"My rule was I wouldn't recruit a kid if he had grass in front of his house.
That's not my world. My world was a cracked sidewalk." —Al McGuire

Sunday, November 08, 2020

UW-Madison Preview, 2020-21

UW-Madison Badgers

December 4th, Fiserv Forum

Coach: Greg Gard (101-57)

3-Year NCAA Rank Average: 51.0

3-Year kenpom Average: 36.0

2020-21 T-Rank Projection: 8

Nathan Reuvers & Micah Potter power the Badgers front line
Photo by Trevor Ruszkowski - USA Today Sports

Projected Starters: PG D'Mitrik Trice (6'0" RS Sr), SG Brad Davison (6'4" Sr), SF Aleem Ford (6'8" Sr), PF Micah Potter (6'10" Sr), C Nathan Reuvers (6'11" Sr)

If Marshall Mathers were asked to analyze the 2019-20 UW-Madison team, he'd likely ask will the real Bucky Badger please stand up? While they finished the season #19 in T-Rank and #22 on kenpom.com, they took a bizarre track to getting there. The first version of the team was pre-Potter. Before the Ohio State big man transfer took the floor, the Badgers went 5-5 and were ranked just #55 on T-Rank. The thought was that their roster was complete once he took the court, and in their next 10 games they went 7-3 and were #27 in T-Rank during that stretch. Then starter Kobe King left the team. Many believed the Badgers would fall off significantly, but instead they took off, going 9-2 the rest of the year and ranking #6 in T-Rank through the end of the season, while also capturing a share of the Big 10 title. The only player they lose that played a significant role down the stretch is Brevin Pritzl, and with the NCAA's new ruling, this could potentially be the start of a two-year run with everyone on the 2020-21 roster intact.

Last year's UW-Madison team seemed to be deep but lacking star power. While no one emerged the way Ethan Happ, Frank Kaminsky, or Sam Dekker did for past teams, every starter has shown the ability to put up numbers on any given night. Every one of them can score both inside and beyond the arc. While Reuvers and Potter will likely get the largest share of touches, both of the guards had 30+ point games last year and all of them averaged over 8.0 ppg. Off the bench, they have reliable place-holders in Tyler Wahl and Trevor Anderson along with a pair of promising freshmen in Ben Carlson and Johnny Davis. They likely won't have anyone on All-America teams, but they have a roster that is as experienced as it is deep.

When it comes to style of play, it feels like this could be a copy/paste paragraph from any of the past 25 or so years. Slow, methodical offense that grinds down the shot clock under 10 on most possessions coupled with rigid, man-to-man defense that focuses on limiting three-point attempts.
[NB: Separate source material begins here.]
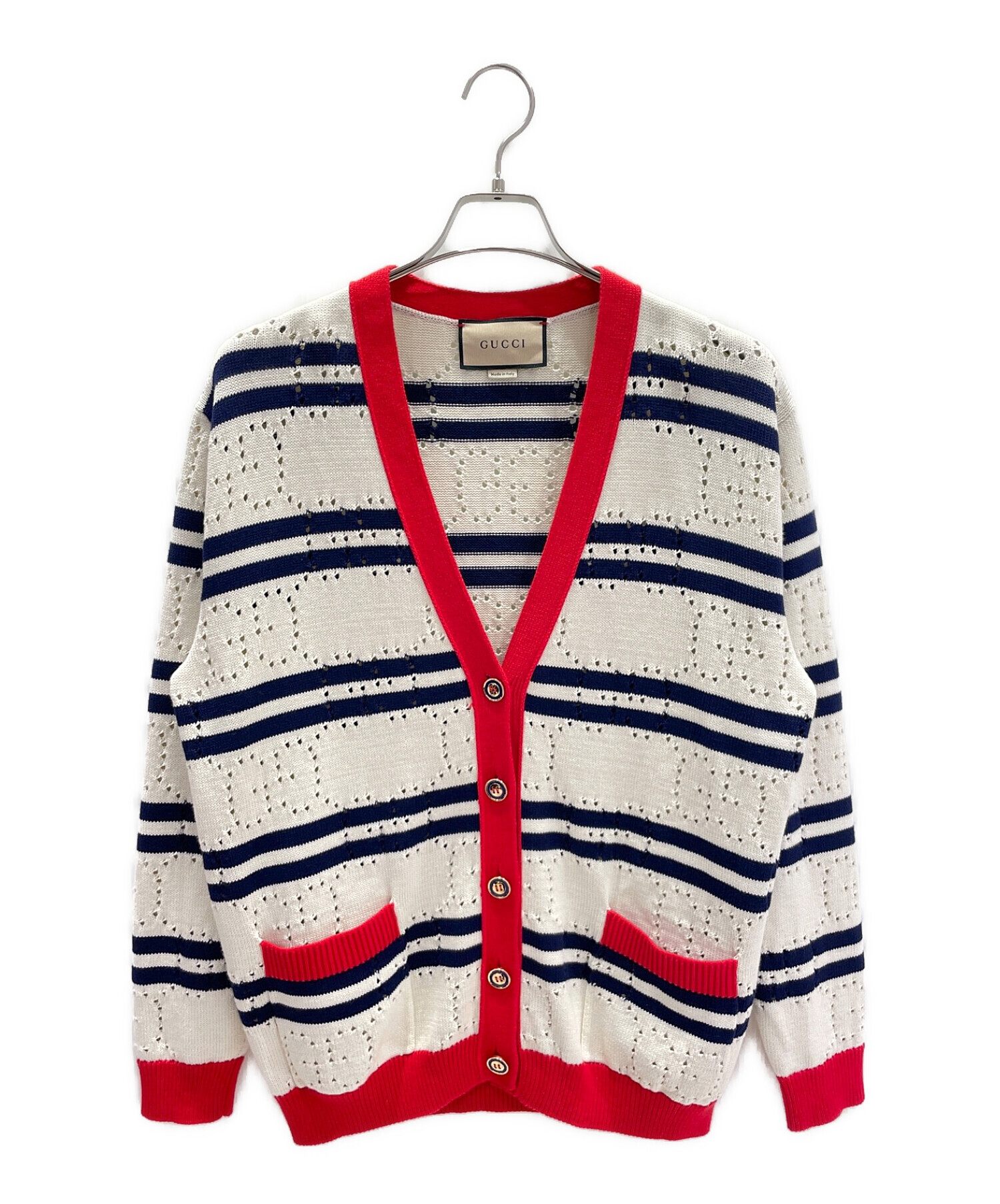 中古・古着通販】GUCCI (グッチ) GGニット ストライプ コットン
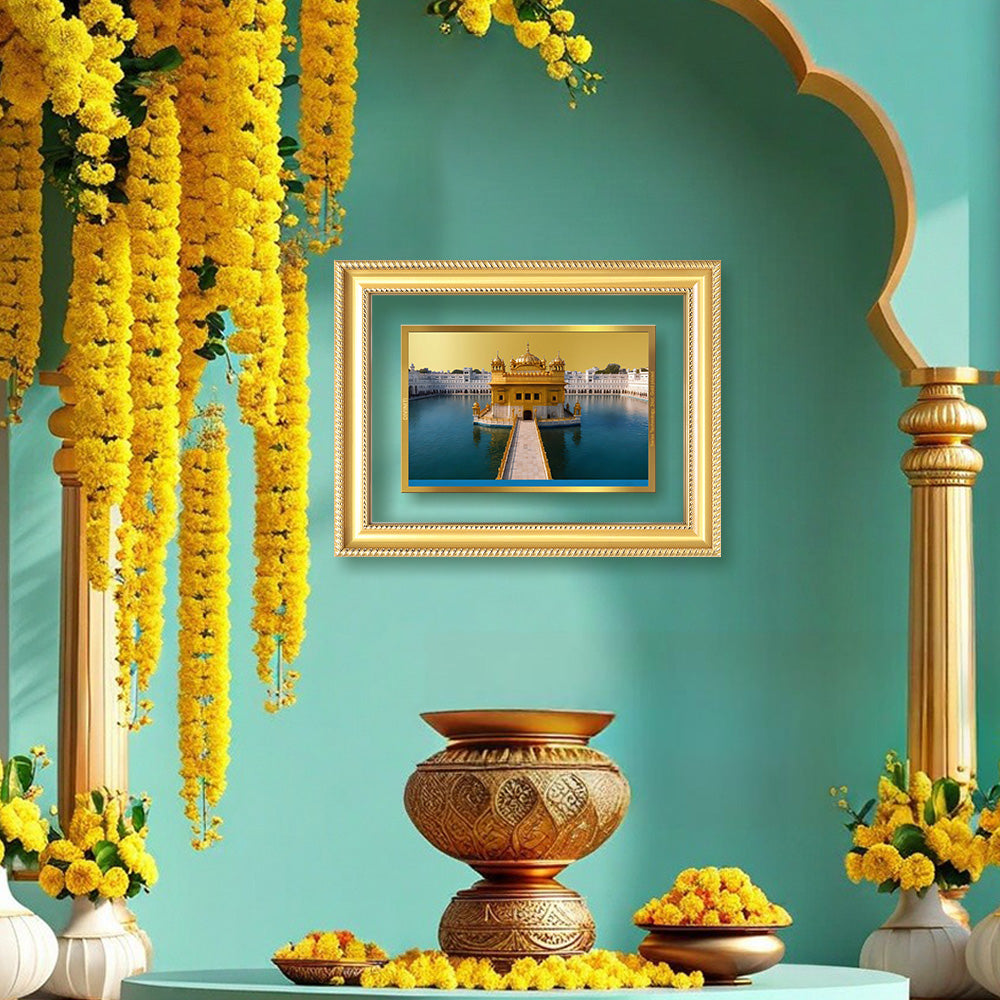 Diviniti 24K Gold Plated Golden Temple (Classic) Divine Wall Frame for Home Mandir & Office Decor | Luxury Spiritual Gift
Last year, we expected the Badgers' three-point offense to increase due to the departure of Ethan Happ and we were correct as they went from 281st in the country in 3-point attempts/field goal attempt all the way up to 44th. With Potter available for the full season, expect this to be a team that runs down the clock and finds open shooters on the perimeter regularly.

People usually expect experienced teams to take big jumps once their players are seniors, but more often than not when teams return the same roster, they end up with pretty much the same results. For the Badgers, the (admittedly small) sample size of this roster was top-10 in the country and Big 10 champs. This projects to be the best team Marquette sees in the non-conference and might be the best team in the country that no one seems to be talking about. I expect that's because they don't have the star power of other teams in the top-10, but I feel they are clearly the best on-paper team in the Big 10 and a legitimate conference and National Championship contender. As much as I like to be optimistic, this is a seasoned team that is used to playing together and, especially early in the season, it's hard for me to see a path to victory for a Marquette team that will be looking to replace over 54% of their minutes and 67% of their scoring from last season.

There is one reason for concern for UW-Madison fans that I want to address before closing this. While Reuvers and Potter are arguably their two best and most important players, the Badgers weren't particularly good offensively when they were playing together. As interesting as the number of neither on court is, I expect those numbers were largely garbage time and not to be given much weight. As a team, while they were better defensively with both, they were terrible offensively when both bigs were on the court. In an era when bigs are becoming less fashionable, UW-Madison's two-big plan may not be as effective as it would have been in years past. I'm still a believer in this team, but these numbers indicate it may not be a smooth path to the top-10.

Marquette Connection: Before Markus Howard made scoring 45+ points a casual thing (Howard holds positions 1-5 on Marquette's single game scoring record chart), the record for scoring in a single game was shared by Mike Moran and more recently Tony Smith, who scored 44 points at UW-Madison on February 19, 1990. While Smith was nearly unstoppable, nothing else went right for Marquette in that game as they were throttled 82-65 by the Badgers. To further exacerbate the 17-point loss, Marquette was saddled with 5 technical fouls and Head Coach Kevin O'Neill was ejected in the final moments of the game.